Required work :: Below are records with pictures in them. Transcribe everything from the line containing "ANRABESS One Shoulder" down to the line containing "Naszywki z flagą", exactly, and leave the pictures behind.

Material to process ::
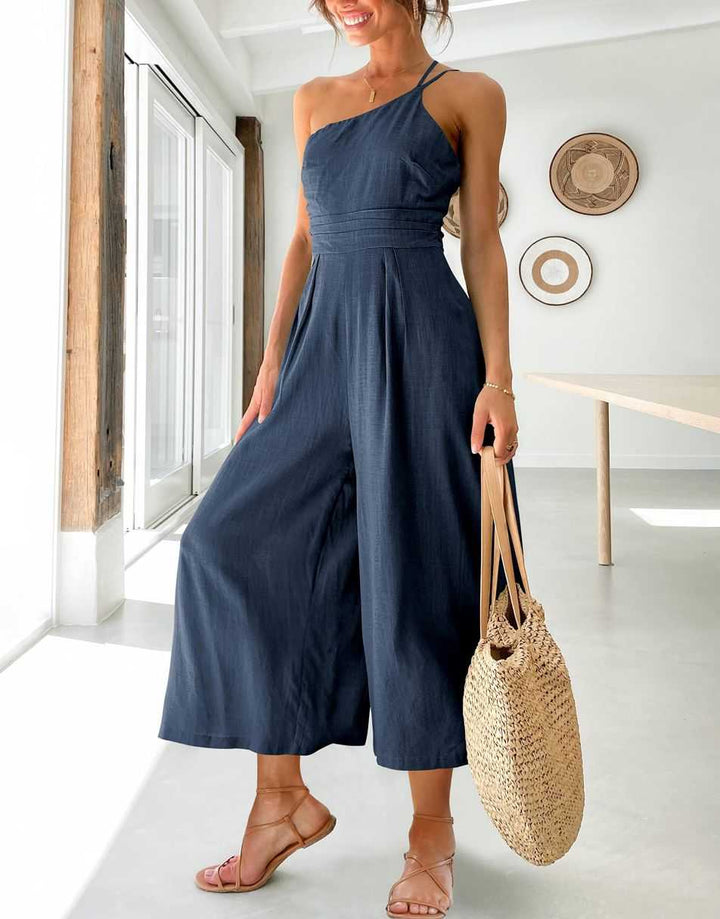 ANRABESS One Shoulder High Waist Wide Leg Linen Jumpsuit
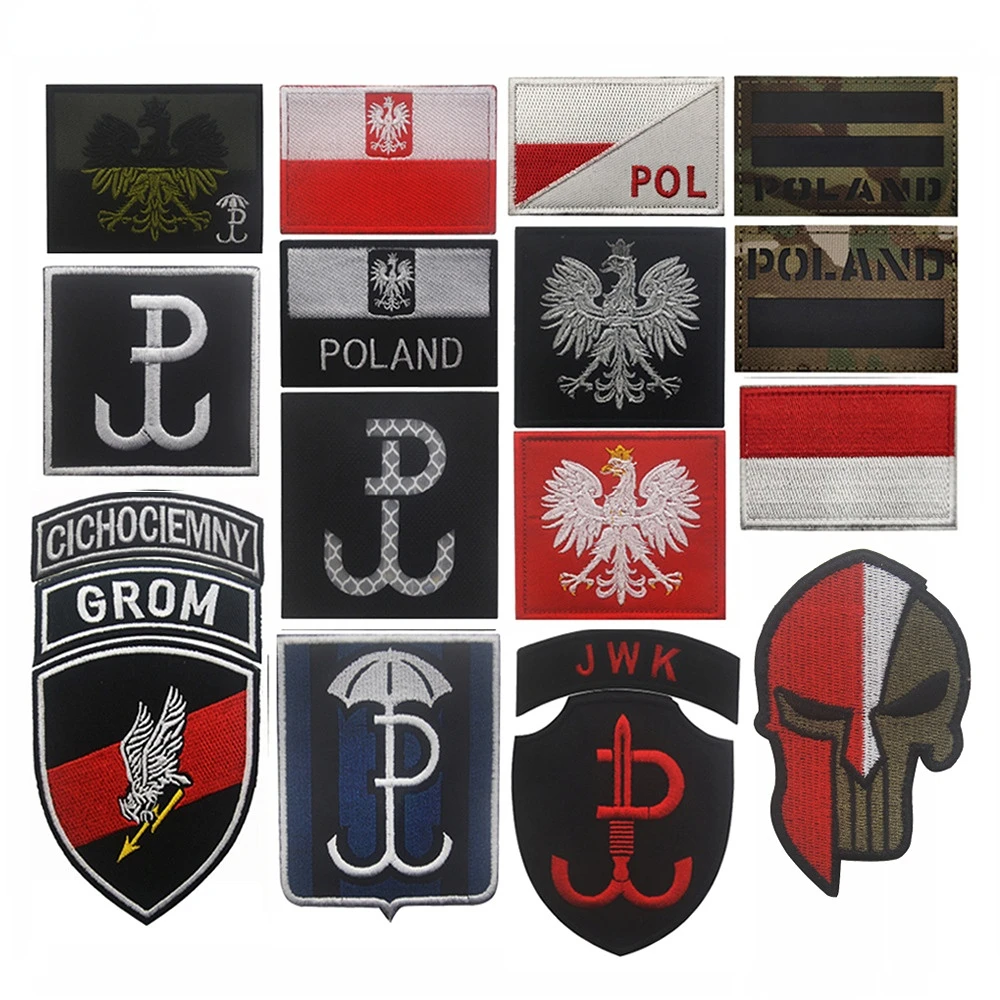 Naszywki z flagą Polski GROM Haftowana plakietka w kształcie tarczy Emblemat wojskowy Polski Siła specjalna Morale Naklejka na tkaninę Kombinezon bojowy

---

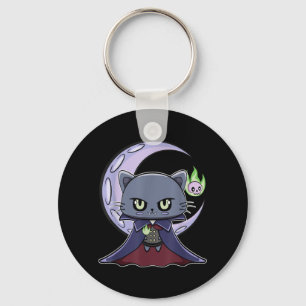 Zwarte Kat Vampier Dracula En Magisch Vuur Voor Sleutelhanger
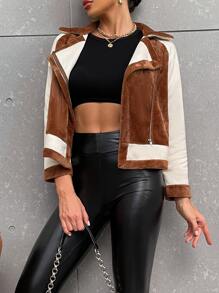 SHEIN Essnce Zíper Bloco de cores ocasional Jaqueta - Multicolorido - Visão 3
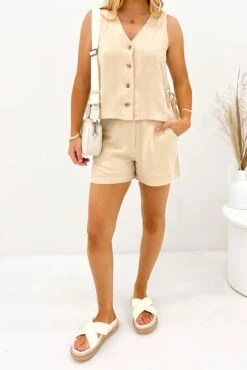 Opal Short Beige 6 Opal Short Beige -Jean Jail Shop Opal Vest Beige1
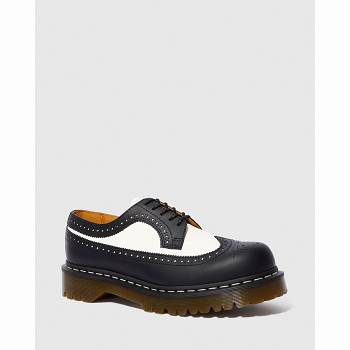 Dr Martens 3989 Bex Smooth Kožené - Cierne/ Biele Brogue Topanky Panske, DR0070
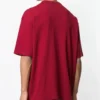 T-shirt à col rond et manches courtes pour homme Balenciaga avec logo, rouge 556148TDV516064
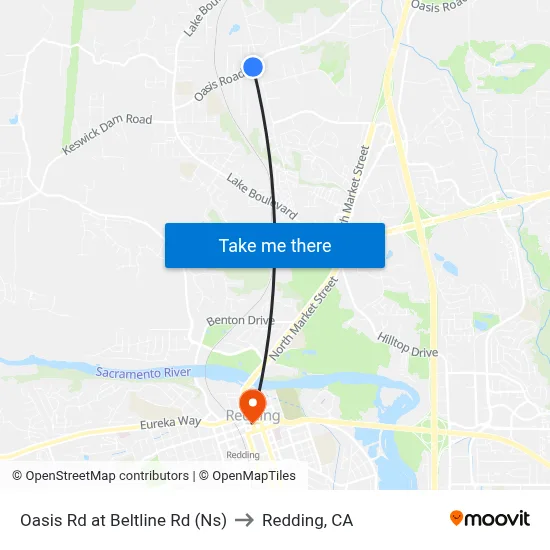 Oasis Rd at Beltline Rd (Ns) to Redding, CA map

Answer to the exercise ::
 ANRABESS One Shoulder High Waist Wide Leg Linen Jumpsuit
 Naszywki z flagą Polski GROM Haftowana plakietka w kształcie tarczy Emblemat wojskowy Polski Siła specjalna Morale Naklejka na tkaninę Kombinezon bojowy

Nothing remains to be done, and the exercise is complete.